Collected data =>
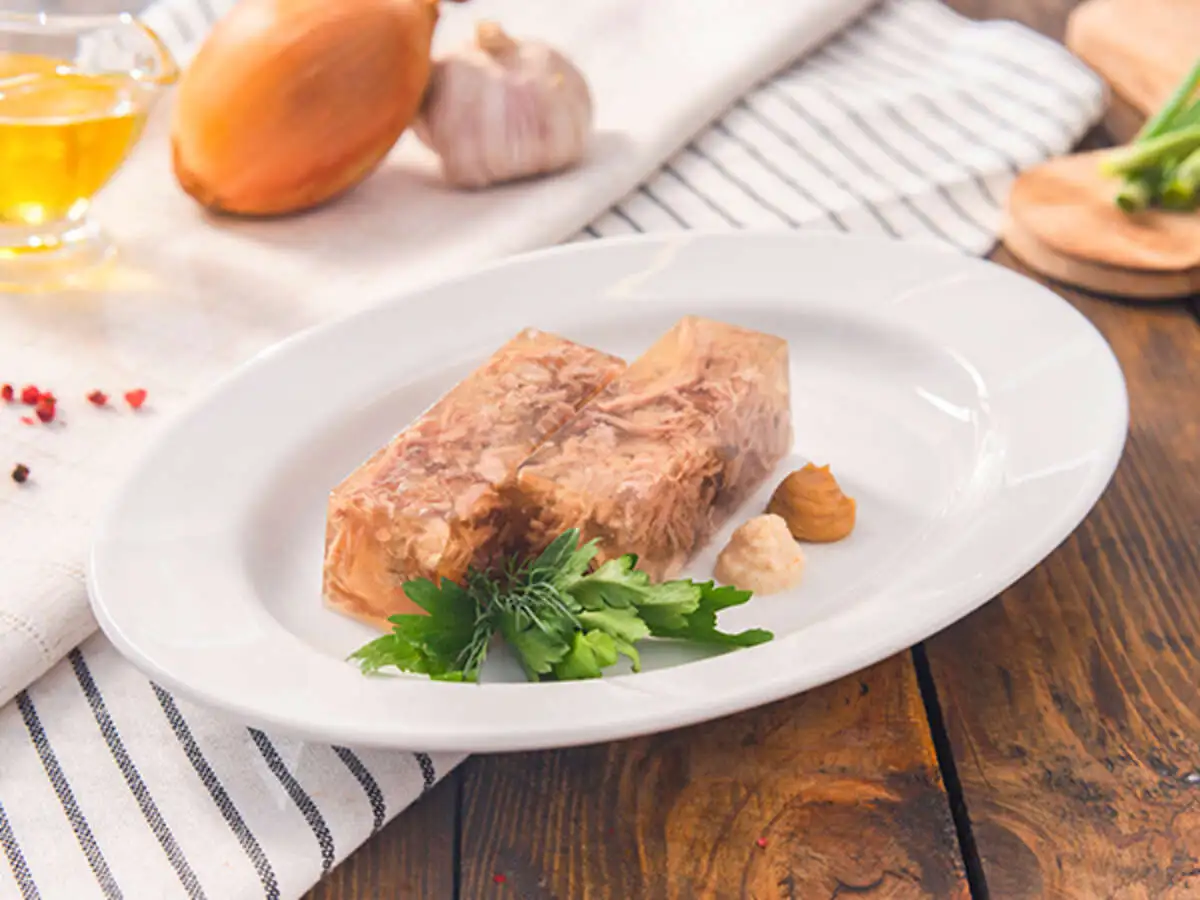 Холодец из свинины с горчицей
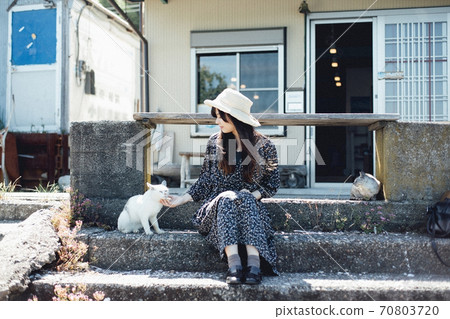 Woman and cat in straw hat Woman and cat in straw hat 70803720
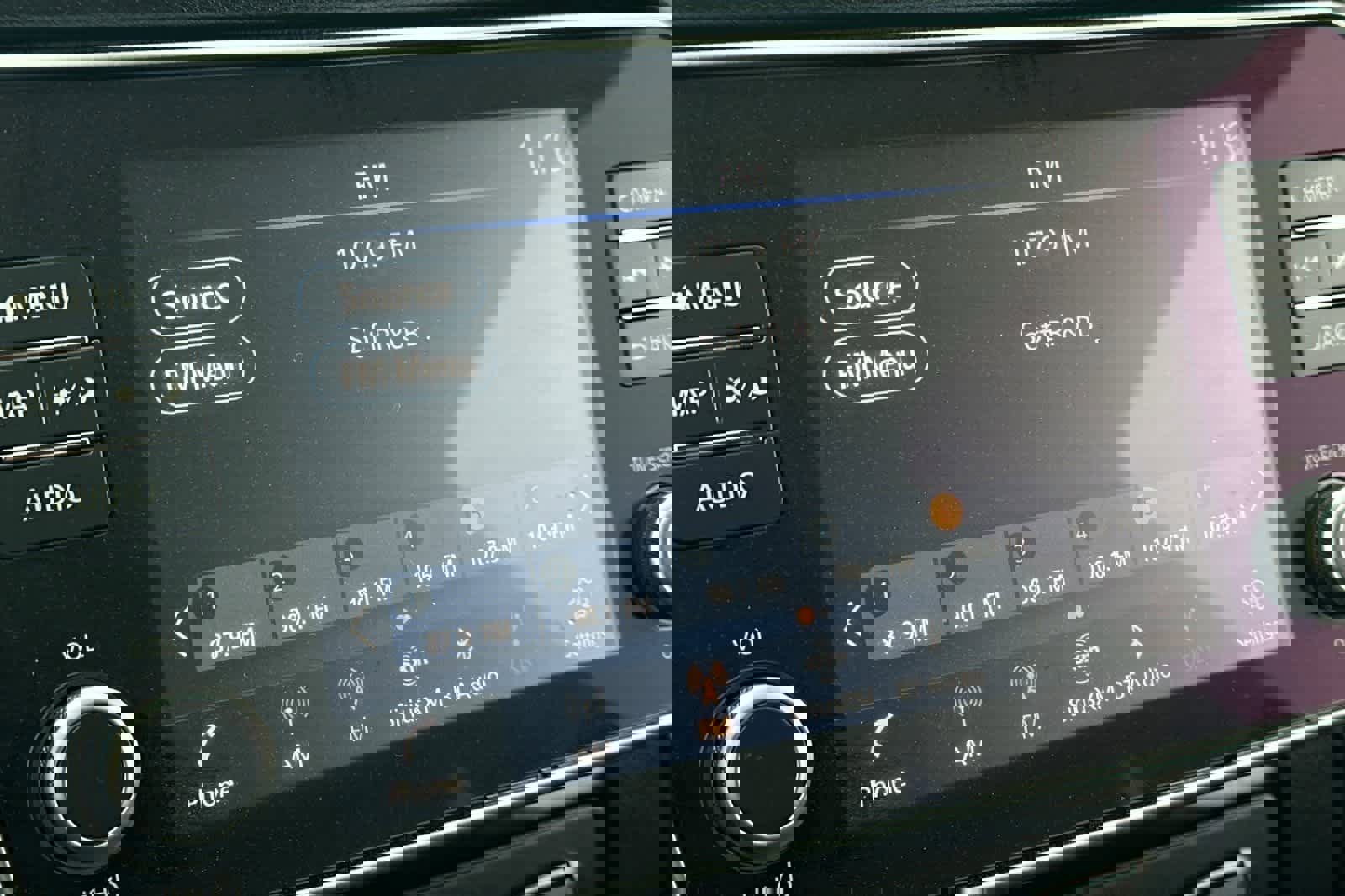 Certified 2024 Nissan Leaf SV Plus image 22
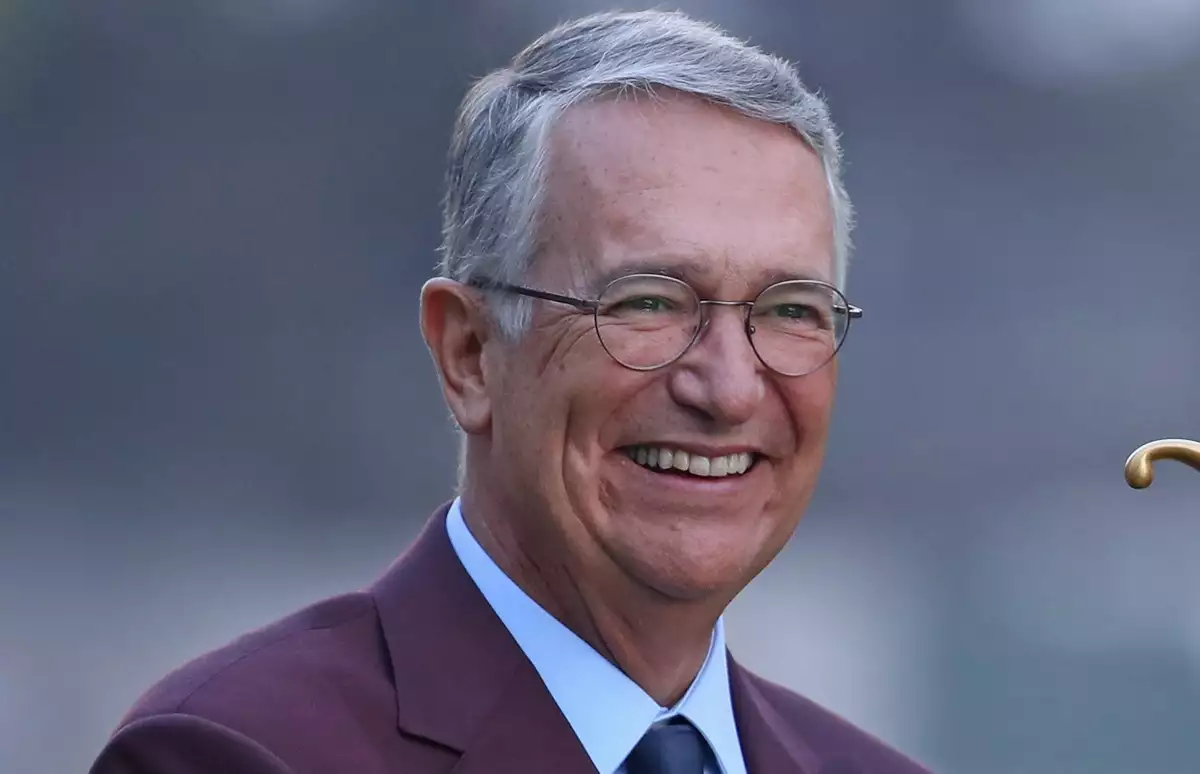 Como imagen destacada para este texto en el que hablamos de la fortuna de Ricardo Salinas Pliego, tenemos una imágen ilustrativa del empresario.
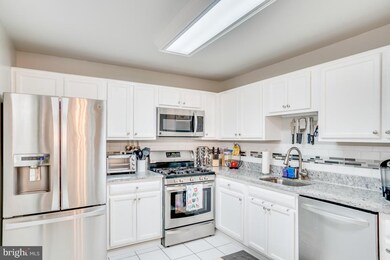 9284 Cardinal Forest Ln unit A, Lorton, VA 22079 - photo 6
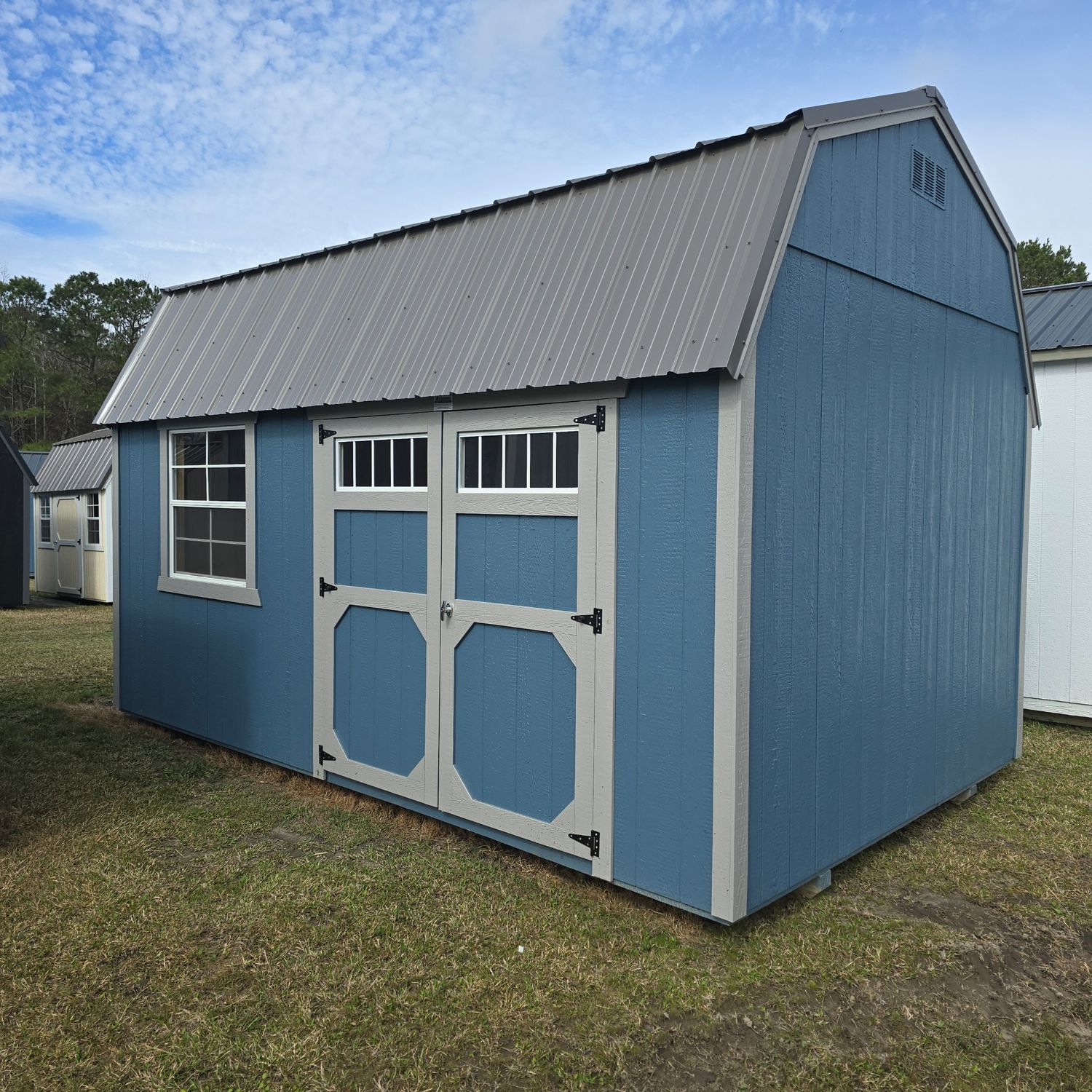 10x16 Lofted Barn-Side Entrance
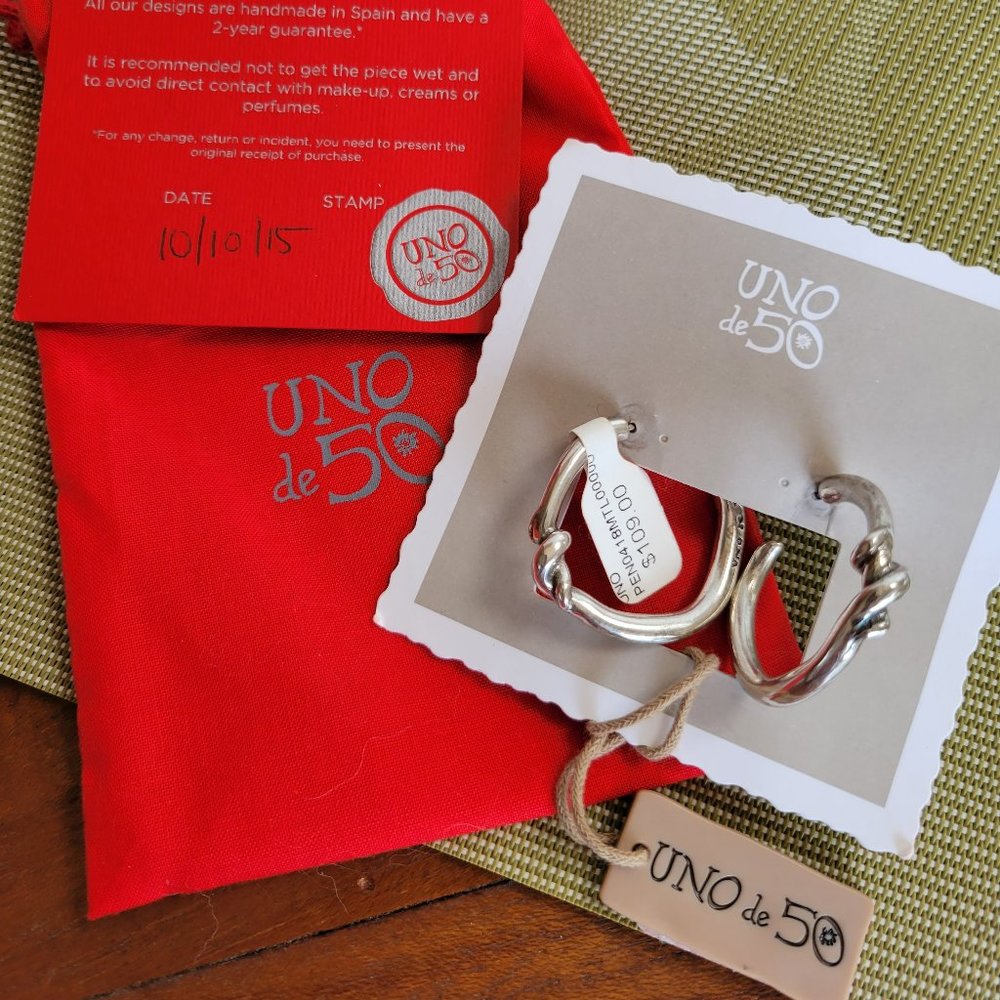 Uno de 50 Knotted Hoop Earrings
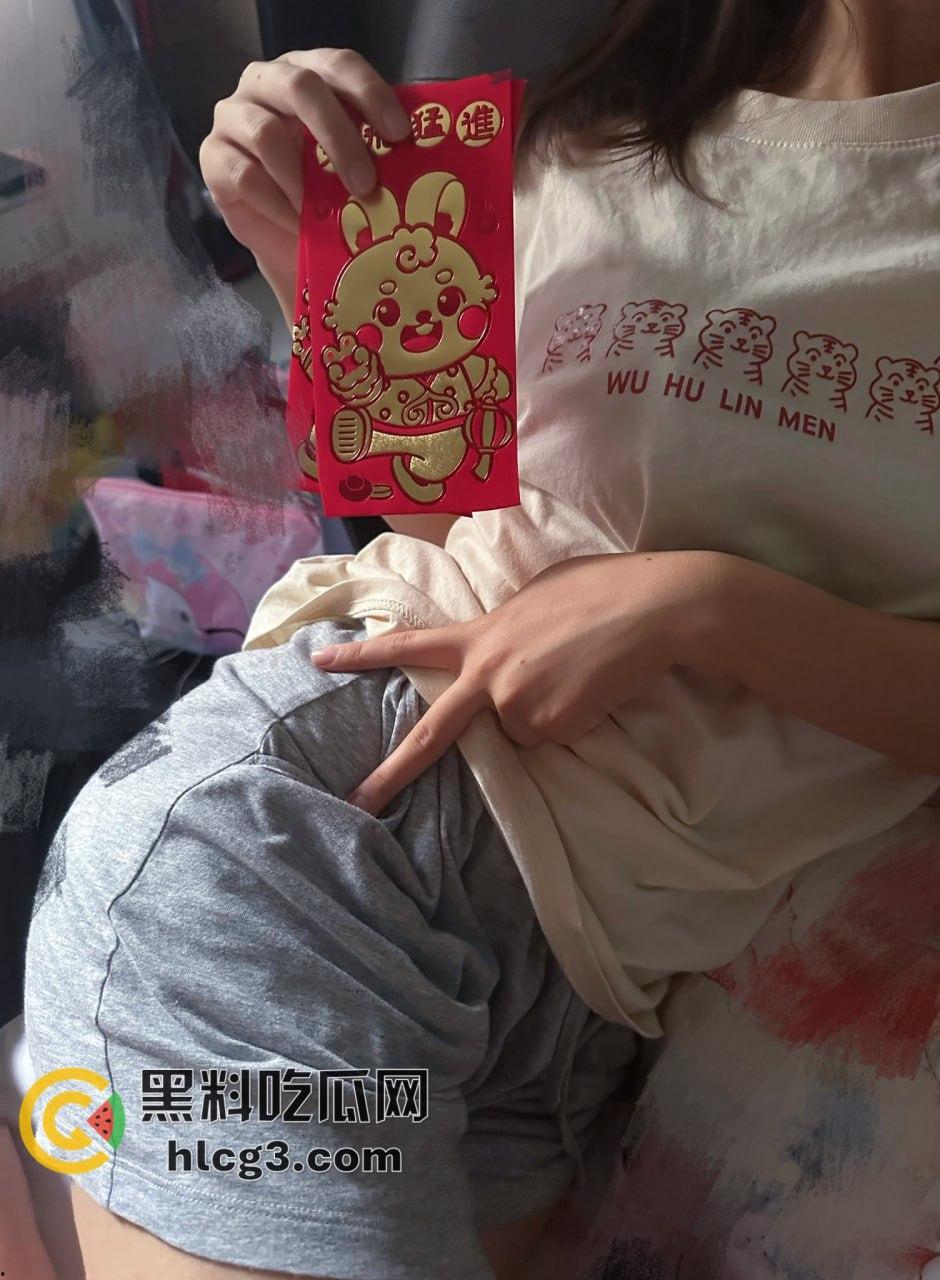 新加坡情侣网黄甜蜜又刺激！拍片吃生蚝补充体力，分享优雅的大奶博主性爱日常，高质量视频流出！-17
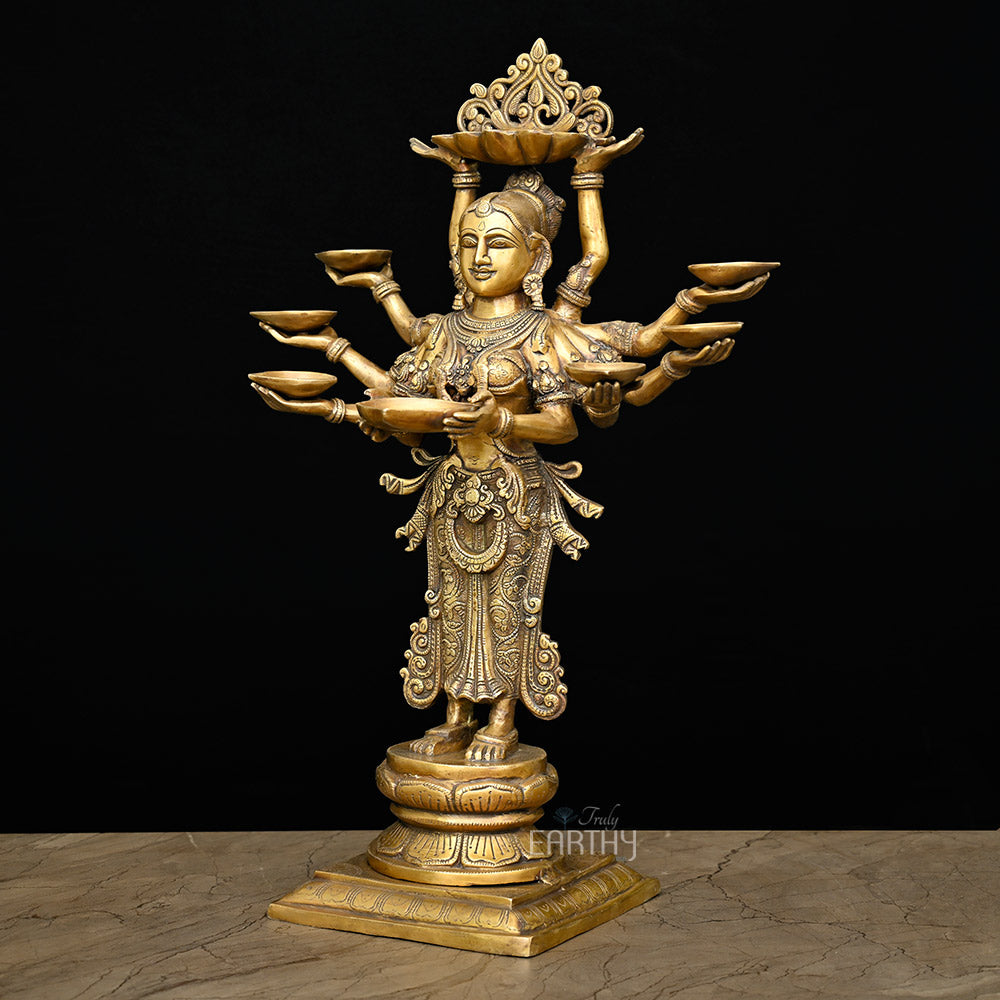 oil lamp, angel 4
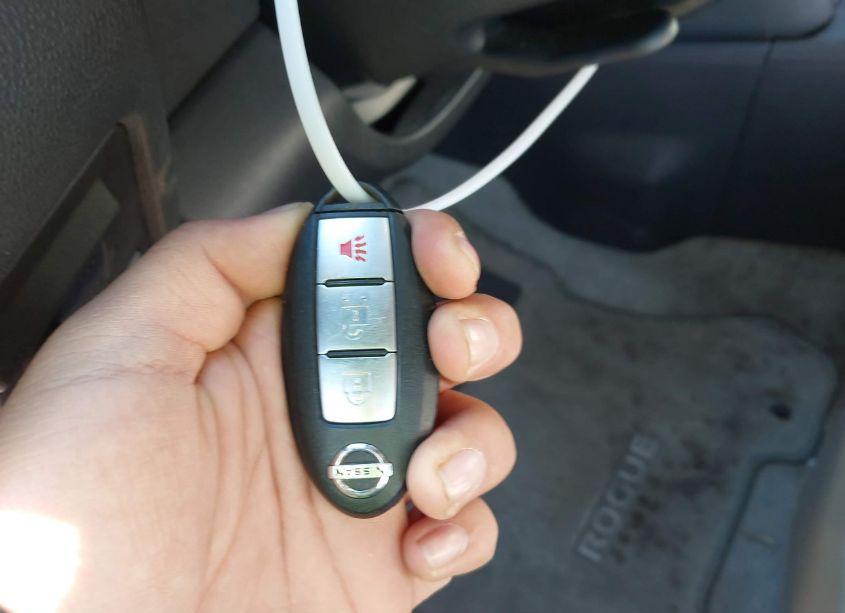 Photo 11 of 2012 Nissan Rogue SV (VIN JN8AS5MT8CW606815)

Description of the task => Skipping the pictures, transcribe each line above exactly as it appears.

The answer =>
 Холодец из свинины с горчицей
 Woman and cat in straw hat Woman and cat in straw hat 70803720
 Certified 2024 Nissan Leaf SV Plus image 22
 Como imagen destacada para este texto en el que hablamos de la fortuna de Ricardo Salinas Pliego, tenemos una imágen ilustrativa del empresario.
 9284 Cardinal Forest Ln unit A, Lorton, VA 22079 - photo 6
 10x16 Lofted Barn-Side Entrance
 Uno de 50 Knotted Hoop Earrings
 新加坡情侣网黄甜蜜又刺激！拍片吃生蚝补充体力，分享优雅的大奶博主性爱日常，高质量视频流出！-17
 oil lamp, angel 4
 Photo 11 of 2012 Nissan Rogue SV (VIN JN8AS5MT8CW606815)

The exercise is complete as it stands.